Kali is usually depicted as a dark skinned, almost black, goddess who wears a girdle of arms around her waist and a necklace of human skulls. She holds in her four hands a severed demonic head, a lotus flower, a sword and with the fourth making the gesture of ‘abhayam’ (protection). Her long black hair is dishevelled, her tongue outstretched and dripping with blood. She stands upon the chest of Shiva, her consort.


Kali is said to have sprang forth from the brow of Durga (another HIndu Goddess) on the battlefield, where they joined forces to defeat the demon Rakta-Bija. In my work, I explore the aspect of feminine potential that is defiant and revolting (to revolt). I am also interested in the links between mythological archetypes and contemporary gender dynamics, particularly within the Hindu community, a largely patriarchal society.

I use Kali iconography, often abstracted, to create large canvasses that are as much about the tactility and experience of surface, as they are about the tongues, swords, flowers, hair and skin of the goddess. The pigments used in the paintings are all earth based., relating to ideas of earth as mother, as feminine, as ancient.
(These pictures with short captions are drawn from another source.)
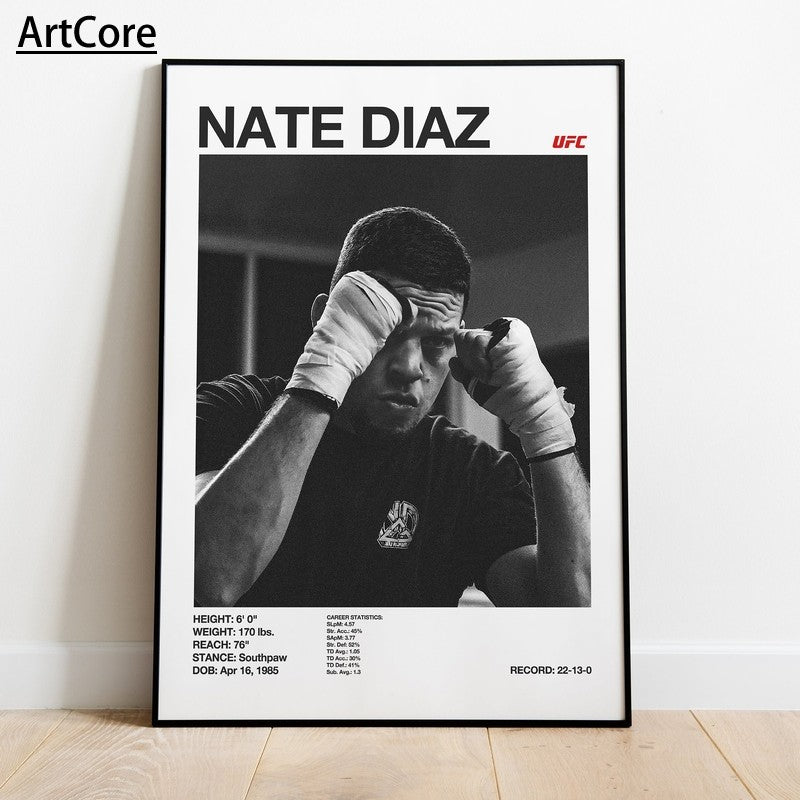UFC Fighter Poster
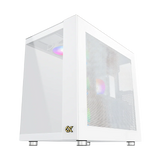 Xigmatek Aqua Ultra Air Arctic Argb Atx Case - White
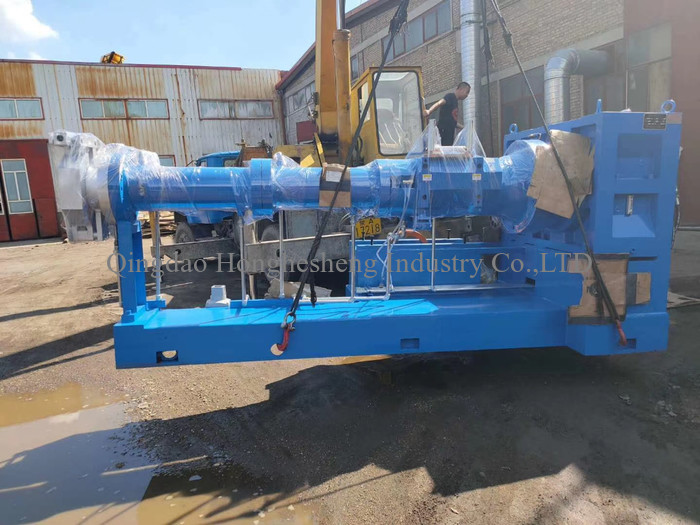 EPDM Window And Door Rubber Sealing Strip Making Machine Extruding Line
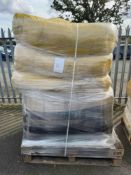 Pallet of raw unchecked customer returned cothing - majoity of items are bagged - every pallet is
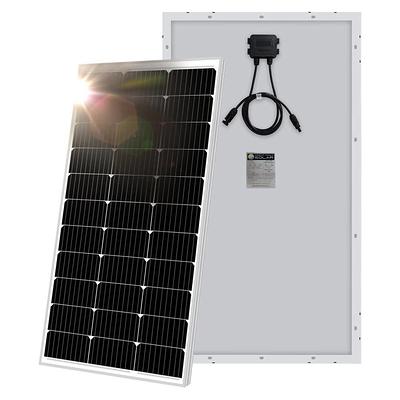 WindyNation 300 Watt Monocrystalline Solar Panel Kit + 1500W VertaMax Power  Inverter + 300ah AGM Deep Cycle Battery for RV, Boat, Off-Grid 12 Volt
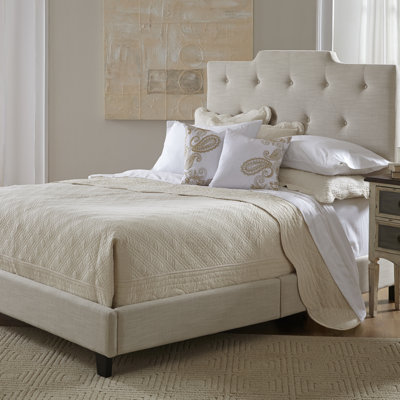All-N-One Queen Panel Bed by PRI -image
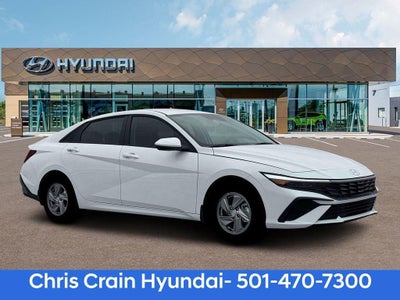 2026 Hyundai ELANTRA SE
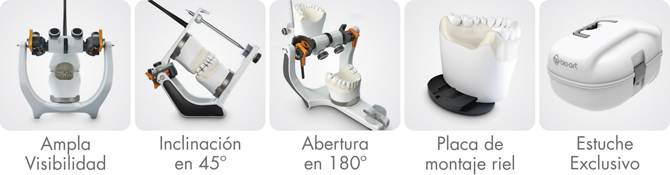 Caractetisticas del articulador fotos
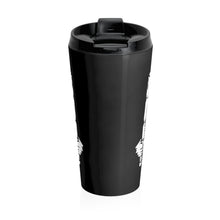 Load image into Gallery viewer, Dual Wieldin' Rules - Stainless Steel Travel Mug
The pigments I use are kumkum (vermilion), turmeric, incense ash and coal. Each substance relates to the body of Kali: the red pigment kumkum speaks of blood, which is so strongly associated with Kali; the coal speaks both of her dark powerful body and her wild matted locks; the turmeric is often used in ritual worship of the goddess (during some rituals a likeness of Her face is moulded out of this substance); while the ash speaks of the destructive aspect of Kali, for it is in the moment of destruction that Kali appears as the ash covered widow called Dhumavati. In each painting an image/ symbol has been stitched onto the surface. The process of stitching, much like the materiality of the pigment on surface, is extremely important in the production of these works. It is an act of labour - a cathartic process - that becomes somewhat meditative and almost dance-like, as I shift around the canvas making repetitive gestures and movements.

The aspect of dance emerges more directly in my photographic and video works. The photographic series of a dancer performing traditional dance movements and gestures speaks directly of Kali: In this constructed narrative the female character develops from submissive and weak, to a challenging and defiant Kali-like figure.